E così la folta componente forcaiola e giacobina di questo disgraziato Paese ha ottenuto finalmente la sua vittoria: il bau bau Berlusconi, l'autore di ogni misfatto nell'immaginario di molti sinistri personaggi, è stato condannato con sentenza passata in giudicato. Da questo momento l'Italia potrà imboccare senza indugio la strada del progresso, divendo più prospera e più giusta per tutti. Avendo rimosso l'Al Capone della politica attraverso una surreale odissea giudiziaria che lo ha visto subire ben 41 processi, non vi sono più ostacoli all'instaurazione del regno del benessere collettivo. Ma, ahinoi, le cose non stanno affatto in questi deliranti termini. La lunga vicenda giudiziaria di Silvio Berlusconi rappresenta invece l'ennesima anomalia di un sistema sempre più squilibrato su troppi piani.

 Pur avendo anche su queste pagine espresso duri giudizi sull'operato del Cavaliere nella sua lunga azione di governo, ho sempre guardato con orrore alla possibilità - lungamente invocata dai paladini della forca quale metodologia democratica - di liquidarlo al di fuori di una normale competizione elettorale. E non credo che, sebbene la sua figura appaia obiettivamente offuscata rispetto al passato, questa estrema soluzione ci possa rendere fieri di fronte al consesso internazionale. Anziché mandarlo in pensione per raggiunti limiti d'età e, mi permetto di aggiungere, per aver mancato di portare avanti quelle riforme promesse all'indomani della sua discesa in campo, una parte del Paese ha ritenuto di dargli il benservito gigliottinandolo moralmente con il reato più infamante per gli amanti del collettivismo strisciante: l'evasione fiscale.

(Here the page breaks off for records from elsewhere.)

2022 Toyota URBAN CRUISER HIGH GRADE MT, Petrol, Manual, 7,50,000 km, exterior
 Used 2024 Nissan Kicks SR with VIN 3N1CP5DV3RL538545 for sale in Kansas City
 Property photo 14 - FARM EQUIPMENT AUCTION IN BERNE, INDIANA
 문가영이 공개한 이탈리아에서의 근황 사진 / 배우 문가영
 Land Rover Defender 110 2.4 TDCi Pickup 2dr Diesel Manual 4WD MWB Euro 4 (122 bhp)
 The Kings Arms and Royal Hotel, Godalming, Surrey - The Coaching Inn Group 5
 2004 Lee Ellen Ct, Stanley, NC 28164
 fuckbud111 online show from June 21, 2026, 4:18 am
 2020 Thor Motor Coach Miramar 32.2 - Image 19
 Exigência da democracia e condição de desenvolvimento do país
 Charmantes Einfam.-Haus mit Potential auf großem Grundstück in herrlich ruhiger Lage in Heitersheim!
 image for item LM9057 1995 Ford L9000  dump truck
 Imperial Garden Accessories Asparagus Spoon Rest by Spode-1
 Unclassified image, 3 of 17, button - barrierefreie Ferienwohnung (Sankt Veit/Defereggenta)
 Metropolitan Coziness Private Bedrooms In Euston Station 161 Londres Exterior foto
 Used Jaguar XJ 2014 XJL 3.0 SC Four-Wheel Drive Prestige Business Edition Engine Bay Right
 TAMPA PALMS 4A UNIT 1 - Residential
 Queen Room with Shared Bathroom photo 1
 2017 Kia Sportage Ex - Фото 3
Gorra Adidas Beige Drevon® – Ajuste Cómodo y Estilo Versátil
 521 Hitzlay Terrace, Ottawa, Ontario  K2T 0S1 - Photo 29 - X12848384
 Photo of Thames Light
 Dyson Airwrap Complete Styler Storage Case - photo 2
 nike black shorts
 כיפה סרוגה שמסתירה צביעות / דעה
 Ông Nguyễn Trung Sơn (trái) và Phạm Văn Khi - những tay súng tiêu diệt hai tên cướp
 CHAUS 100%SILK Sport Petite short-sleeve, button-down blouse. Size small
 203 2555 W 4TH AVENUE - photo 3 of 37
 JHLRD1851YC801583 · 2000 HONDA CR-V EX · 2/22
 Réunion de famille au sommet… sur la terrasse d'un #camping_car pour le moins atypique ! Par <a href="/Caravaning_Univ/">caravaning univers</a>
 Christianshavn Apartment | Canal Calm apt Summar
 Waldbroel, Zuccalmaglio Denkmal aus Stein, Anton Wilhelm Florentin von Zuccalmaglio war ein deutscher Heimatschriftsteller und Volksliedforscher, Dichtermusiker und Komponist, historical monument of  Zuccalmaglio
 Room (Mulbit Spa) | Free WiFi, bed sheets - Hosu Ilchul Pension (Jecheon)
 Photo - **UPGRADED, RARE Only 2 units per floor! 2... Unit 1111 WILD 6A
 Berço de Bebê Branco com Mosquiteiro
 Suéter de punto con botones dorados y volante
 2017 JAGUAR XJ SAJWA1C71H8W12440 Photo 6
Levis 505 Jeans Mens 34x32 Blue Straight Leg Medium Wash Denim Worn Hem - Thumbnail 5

E sotto questo profilo credo che i magistrati che lo hanno giudicato così duramente hanno, più o meno consapevolmente, interpretato al massimo grado le istanze di chi ha sempre diviso il mondo tra buoni e cattivi, attribuendo patenti di disonestà ai propri avversari politici. D'altro canto, occorre aggiungere, lo stesso Berlusconi ha dato il suo contributo ad un simile epilogo. Pur lanciando per anni anatemi e maledizioni contro la presunta politicizzazione della magistratura, egli non è riuscito neppure ad abbozzare una qualche riforma in questo delicato settore dello Stato. La tanto decantata separazione delle carriere è rimasta sostanzialmente lettera morta. Quale che fosse il motivo di tale inazione, incapacità o strategia di dissuasione, la sentenza del primo agosto dimostra che solo una vera politica del fare, non solo nel campo della giustizia, lo avrebbe potuto mettere al riparo da simili sciagure.